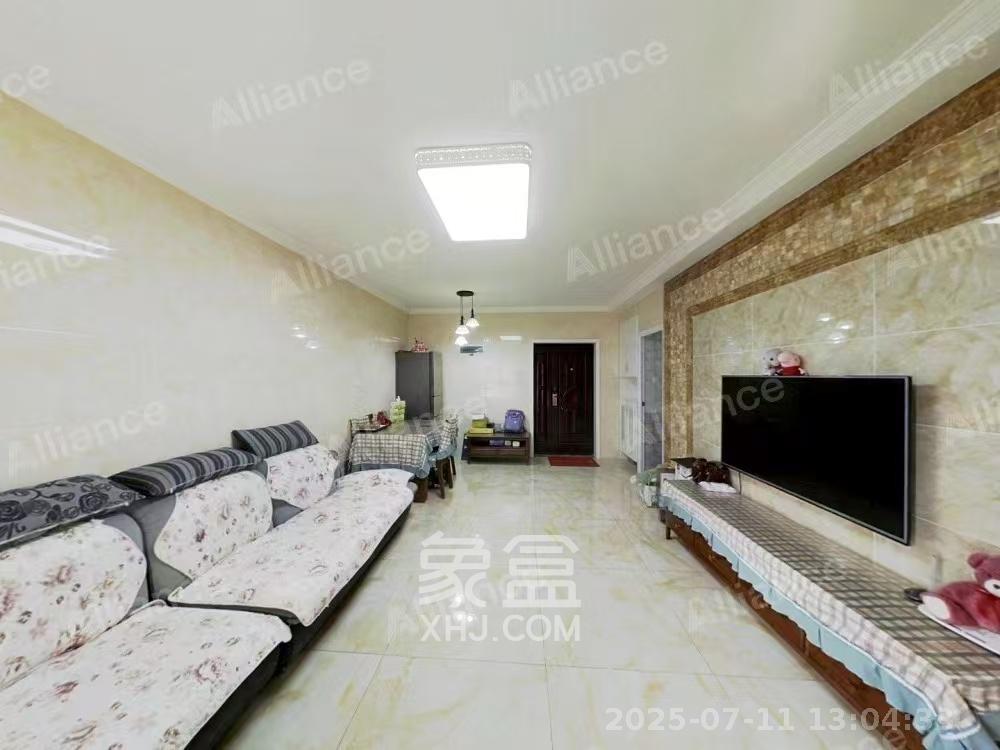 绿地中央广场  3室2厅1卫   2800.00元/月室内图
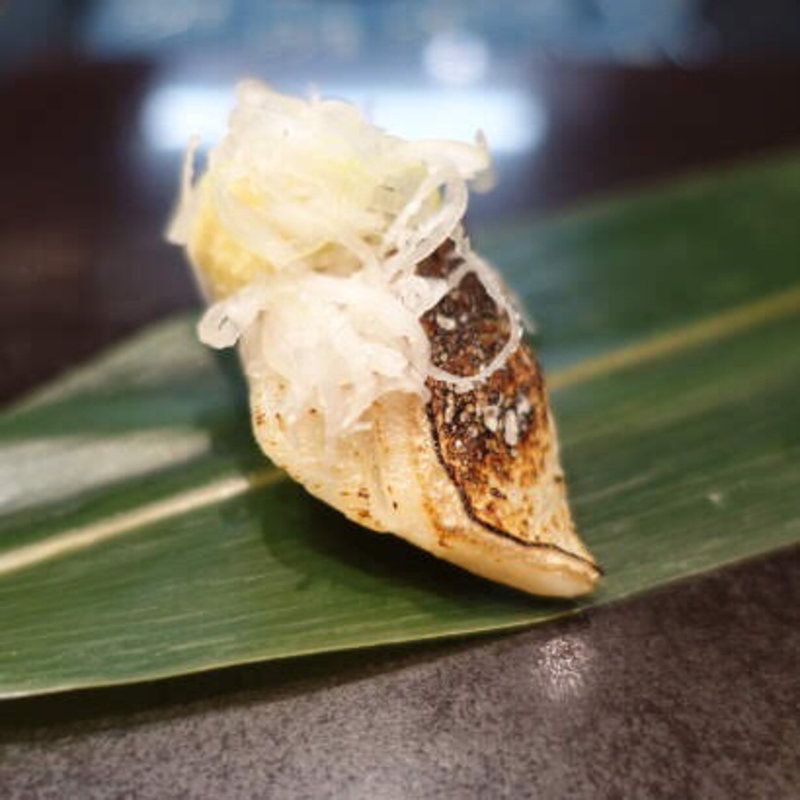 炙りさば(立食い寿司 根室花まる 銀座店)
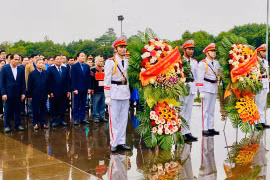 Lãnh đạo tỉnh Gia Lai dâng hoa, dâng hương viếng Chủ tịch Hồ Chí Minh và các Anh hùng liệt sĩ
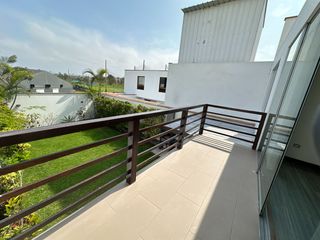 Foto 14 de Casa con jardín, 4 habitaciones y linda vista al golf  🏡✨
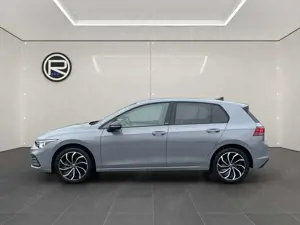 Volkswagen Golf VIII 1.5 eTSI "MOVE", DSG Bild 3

• **WHAT YOU SHOULD DO**: Please retype the listing above word for word, skipping each picture.

• **RESPONSE FOR THIS EXERCISE**:
 绿地中央广场  3室2厅1卫   2800.00元/月室内图
 炙りさば(立食い寿司 根室花まる 銀座店)
 Lãnh đạo tỉnh Gia Lai dâng hoa, dâng hương viếng Chủ tịch Hồ Chí Minh và các Anh hùng liệt sĩ
 Foto 14 de Casa con jardín, 4 habitaciones y linda vista al golf  🏡✨
 Volkswagen Golf VIII 1.5 eTSI "MOVE", DSG Bild 3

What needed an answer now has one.